Here are six tips that can help your organization take concrete steps toward building a culture of diversity and inclusion:
- Know the difference between diversity and inclusion
While diversity and inclusion are closely related, they are not interchangeable. Generally, diversity is the mixture of different beliefs, experiences, backgrounds and characteristics, while inclusion, as SHRM defines it, is “the achievement of a work environment in which all individuals are treated fairly and respectfully, have equal access to opportunities and resources, and can contribute fully to the organization’s success.” Another way to put it: diversity is being invited to the party, while inclusion is being asked to dance — or asked to join the party planning committee or better yet, the management team.
- Train everyone on D&I
Regular training, education and communication can help raise awareness of what inclusion is, why it’s important and how D&I applies in everyday business decisions and interactions. All employees should participate in training — executives, frontline managers and others at every function and level in the organization.
- Recognize and manage unconscious bias
Everyone has unconscious biases — hidden attitudes based on social stereotypes. The key is helping managers recognize and be mindful of their personal biases so they don’t influence decisions, such as who to hire, promote, work with, assign a special project or other actions that could lead to discriminatory behavior.

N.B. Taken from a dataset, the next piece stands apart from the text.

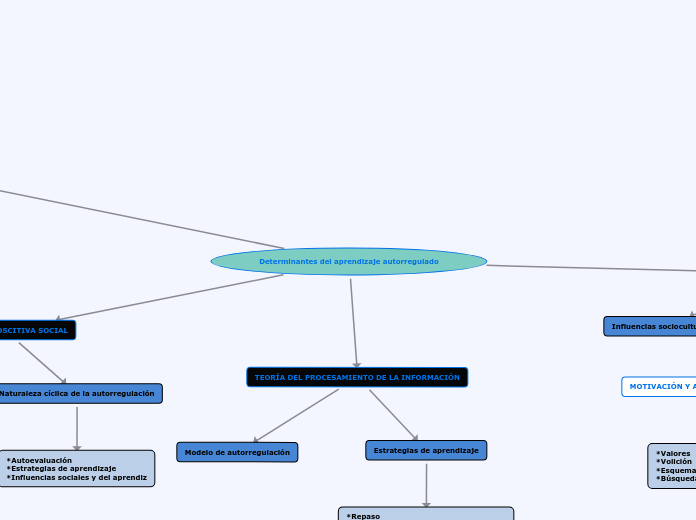 Determinantes del aprendizaje autorregulado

- Review policies, procedures & practices
It’s a good idea to regularly review policies, procedures and practices related to hiring and onboarding, code of conduct and preventing discrimination and harassment to ensure they appropriately address issues such as diversity, inclusion, equality and unconscious bias.
- Encourage everyone to share their ideas
Are some employees being talked over in meetings? Are their suggestions going unacknowledged? Inclusive-minded organizations connect the dots between saying that everyone’s views matter and ensuring people from different functions, locations and levels are empowered to share their ideas and perspectives. This is especially important for employees who work remotely.
- Address cliques and silos
Workplace cliques and silos create barriers that can undermine teamwork, morale and creativity, and make it difficult to retain people from diverse groups. Managers need to be aware of cliques and know how to address manipulative behavior such as gossiping, spreading rumors, bullying and freezing others out. Checking in regularly with new employees — especially those from underrepresented groups — and establishing mentoring programs can help identify and address the harmful effects of workplace cliques.
While there’s no one-size-fits-all approach to building a more diverse and inclusive workplace, D&I initiatives should be embraced throughout the organization, not just by HR. With the tangible support of senior management, D&I efforts can result in a more positive and productive workplace in which all employees are treated fairly and feel their voices, ideas and participation matter.